The Rev. Howard R. Anderson, rector of St. Paul's Episcopal Church in Duluth, Minn., will serve as the first warden of Cathedral College.

-- Bill Broadway

Personal Growth

For Md. Inmates

Maryland's Division of Correction is adopting a nondenominational personal growth program for Christian inmates based on "The Purpose-Driven Life," a best-selling book by Rick Warren, pastor of Saddleback Church in Lake Forest, Calif.

A California prison was the first to offer the program last year, and state prison officials credit it with helping to reduce prison violence by nearly 40 percent.

Volunteers from Maryland churches will implement the program for any inmates who choose to attend.

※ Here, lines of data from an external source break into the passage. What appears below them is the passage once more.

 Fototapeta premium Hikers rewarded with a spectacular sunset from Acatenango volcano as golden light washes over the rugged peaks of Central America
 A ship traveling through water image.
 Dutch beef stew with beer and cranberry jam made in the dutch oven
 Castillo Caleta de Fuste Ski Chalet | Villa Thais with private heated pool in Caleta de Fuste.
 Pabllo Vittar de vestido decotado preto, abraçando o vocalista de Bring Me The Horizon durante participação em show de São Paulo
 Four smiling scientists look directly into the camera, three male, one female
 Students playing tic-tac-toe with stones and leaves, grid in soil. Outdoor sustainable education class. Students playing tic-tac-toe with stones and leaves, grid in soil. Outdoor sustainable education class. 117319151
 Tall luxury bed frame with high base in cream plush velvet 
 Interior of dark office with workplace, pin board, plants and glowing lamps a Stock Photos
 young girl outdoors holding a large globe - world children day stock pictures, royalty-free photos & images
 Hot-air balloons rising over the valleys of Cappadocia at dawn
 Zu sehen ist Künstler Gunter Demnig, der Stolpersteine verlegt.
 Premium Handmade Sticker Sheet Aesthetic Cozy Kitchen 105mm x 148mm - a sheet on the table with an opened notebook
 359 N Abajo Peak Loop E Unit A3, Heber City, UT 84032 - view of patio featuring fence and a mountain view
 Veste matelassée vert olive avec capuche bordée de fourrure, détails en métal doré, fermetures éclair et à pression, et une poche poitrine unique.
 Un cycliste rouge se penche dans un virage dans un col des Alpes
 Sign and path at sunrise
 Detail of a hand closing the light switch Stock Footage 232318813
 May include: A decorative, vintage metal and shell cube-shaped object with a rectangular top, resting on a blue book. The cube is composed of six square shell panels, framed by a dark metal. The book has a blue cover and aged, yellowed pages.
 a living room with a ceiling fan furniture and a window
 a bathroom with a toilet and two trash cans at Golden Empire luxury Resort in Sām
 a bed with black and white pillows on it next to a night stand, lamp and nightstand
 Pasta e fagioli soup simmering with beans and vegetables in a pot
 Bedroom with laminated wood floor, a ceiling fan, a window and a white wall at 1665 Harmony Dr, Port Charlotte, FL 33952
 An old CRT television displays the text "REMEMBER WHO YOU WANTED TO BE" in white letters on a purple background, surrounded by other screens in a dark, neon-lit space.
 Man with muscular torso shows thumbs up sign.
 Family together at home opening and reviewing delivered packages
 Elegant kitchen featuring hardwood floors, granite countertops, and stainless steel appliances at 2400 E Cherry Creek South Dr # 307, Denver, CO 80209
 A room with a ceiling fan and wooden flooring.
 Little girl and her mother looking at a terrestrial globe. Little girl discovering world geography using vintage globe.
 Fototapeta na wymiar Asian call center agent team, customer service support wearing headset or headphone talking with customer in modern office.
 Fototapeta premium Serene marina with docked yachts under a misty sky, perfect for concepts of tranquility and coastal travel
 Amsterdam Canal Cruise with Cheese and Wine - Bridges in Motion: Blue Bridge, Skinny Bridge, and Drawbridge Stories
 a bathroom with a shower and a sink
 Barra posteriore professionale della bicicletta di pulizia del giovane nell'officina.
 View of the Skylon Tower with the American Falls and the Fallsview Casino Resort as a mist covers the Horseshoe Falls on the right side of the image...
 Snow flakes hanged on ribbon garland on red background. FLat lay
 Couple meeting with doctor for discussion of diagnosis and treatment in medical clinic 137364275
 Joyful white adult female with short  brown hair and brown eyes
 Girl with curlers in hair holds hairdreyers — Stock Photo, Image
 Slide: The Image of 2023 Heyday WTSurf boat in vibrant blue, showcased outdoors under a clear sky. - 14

More than 125 have signed up for the first session today at the Maryland Correctional Training Center near Hagerstown, organizers said.

The program is a way for inmates "to really get a handle on who they are," said Mary Ann Saar, the state secretary of the Department of Public Works and Correctional Services, who approved the program for statewide use. "Anything that helps [them] focus their lives in a positive way, I think, is tremendous help to all of us."

A nonprofit faith-based group called IIMainstream Inc. in Bowie proposed the program for use in the prison system and is providing the materials with donations and a $5,000 budget. No state funds are being used.

-- Associated Press

Entertainment Planned

For GOP Convention

Michael W. Smith, a contemporary Christian musician, and country music performers the Gatlin Brothers will be among the performers who will entertain delegates at the Republican National Convention in New York City that starts Aug. 30, party officials said.

The more than a half-dozen musical acts announced by the party include country, classical and blues performers.

"Entertainment plays more of a prominent role in marketing messages today than ever before," said Frank Breeden, former head of the Gospel Music Association, who was hired to oversee convention entertainment. "Just like Cadillac uses Led Zeppelin to market its ideas."

Breeden acknowledged that most entertainers who engage in politics support Democratic nominee John F. Kerry rather than President Bush.

"For whatever reason, on the Democratic side of things, the celebrities who have an affinity with that party tend to be more activist and tend to get more headlines," he said.

-- Religion News Service

Dead Sea Scrolls

Available for Viewing

Visitors to Jerusalem may once again view the Dead Sea Scrolls, which had been in storage for more than a year during extensive renovations of a wing of the Israel Museum designed to house the ancient texts.

The scrolls, the oldest surviving biblical texts, were discovered at Qumran, in the Judean Desert, in 1947. Some were nearly intact, while others had been reduced to tiny fragments that scholars around the world have painstakingly puzzled together.

In addition to the scrolls, museum visitors can view the Aleppo Codex, the famed handwritten Bible from the 10th century, as well as never-before-seen scroll fragments excavated from Qumran.

The $3 million renovation of the Shrine of the Book includes the installation of technology that controls climate as well as a "facelift" of the wing's signature round white roof, which was modeled to resemble the lids of the jars in which the scrolls were discovered.